Charles Isamoyer, who played defensive tackle for Kutztown University for two years, graduated with a degree in secondary education in history May 12 and was recently hired to teach in the greater northwest of America: Alaska.

“Talk about two kids on the same path since playing flag football together,” Brenda Isamoyer, Charles’ mother, said. “And now here they are with the chance to live what they've dreamed of for so long. Jake’s parents and I are so proud of them both.”

Isamoyer, who was inspired to pursue a career as a history teacher in middle school by his eighth grade history teacher, Edward Roman, has accepted a job teaching at Lower Kuskokwim School District in the Eskimo village of Nunapitchuk, Alaska.

“Pretty weird, right?” Isamoyer joked.

According to Isamoyer, the road to him accepting a job in southern Alaska started at a Kutztown job fair at the Holiday Inn in Fogelsville.

“There were a bunch of different school districts there from different states like Delaware, Maryland and Virginia and I saw Alaska,” Isamoyer said. “I thought it’d be cool to check out and see what they had to say.”

Isamoyer attended an information seminar and was intrigued by what the Lower Kuskokwim representative had to say, so he set up an interview with them.

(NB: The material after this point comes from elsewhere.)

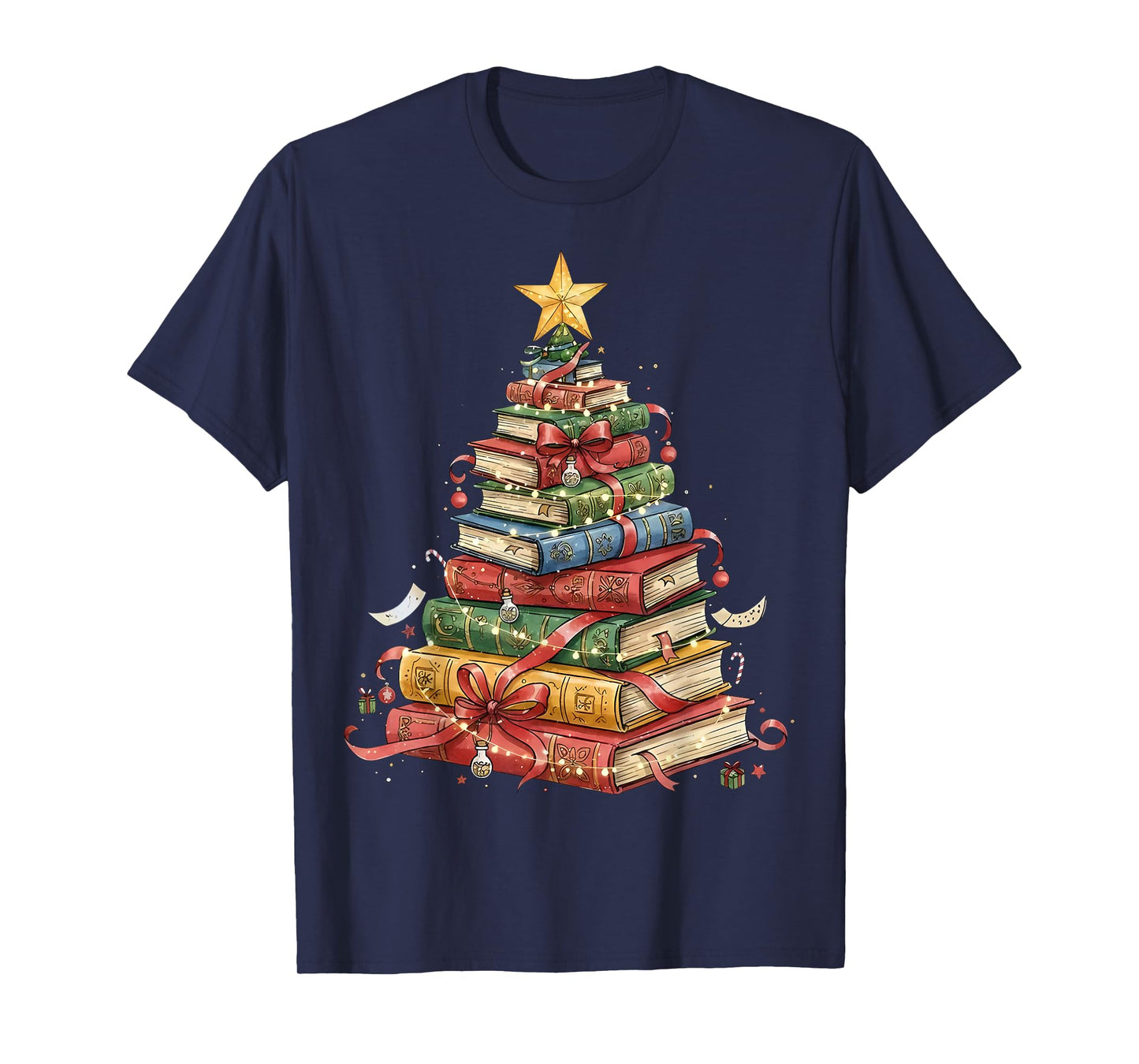 All Booked for Christmas Book Christmas Tree Lights T-Shirt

“I guess the interview went really well because a few weeks later, they sent out a request for one of my references—my cooperating teacher at the time—to come fill in a little bit about me and how he thought I would adapt in the teaching environment,” Isamoyer explained. “Because of what [my reference] gave me nothing but good responses, the assistant superintendent set up a Skype interview with me.”

After a successful Skype interview, Isamoyer was introduced to two principals from the school district, one of which liked him enough to ask the assistant superintendent if he could hire Isamoyer, who was then sent a contract and is currently in the process of getting back to them.


“It’s kind of weird seeing everything playing out how I thought it would,” Isamoyer said. “There were times during my sophomore and junior year of college where I thought [teaching] wasn’t what I wanted to do at all. I even had my doubts during student teaching.”

“I’m so happy for him that he landed a job and hopefully that luck sways my way,” Bennett said.

Bennett has applied for open teaching positions at Northwestern and Weisenberg Elementary as well as Parkland and other schools in the Lehigh Valley.

“I would love to get [a job at] Northwestern, but it’s real competitive,” Bennett said. “So we sit and we wait and we stay on the grind.”

Bennett was inspired to become a teacher through coaching Northwestern youth football with Isamoyer and through his job teaching in a daycare center throughout high school.

“I really like watching kids develop and seeing them succeed and I know now that that is the part that I really, really like and that I thought would make a good career for me,” Bennett said. “And I guess Charles felt the same way.”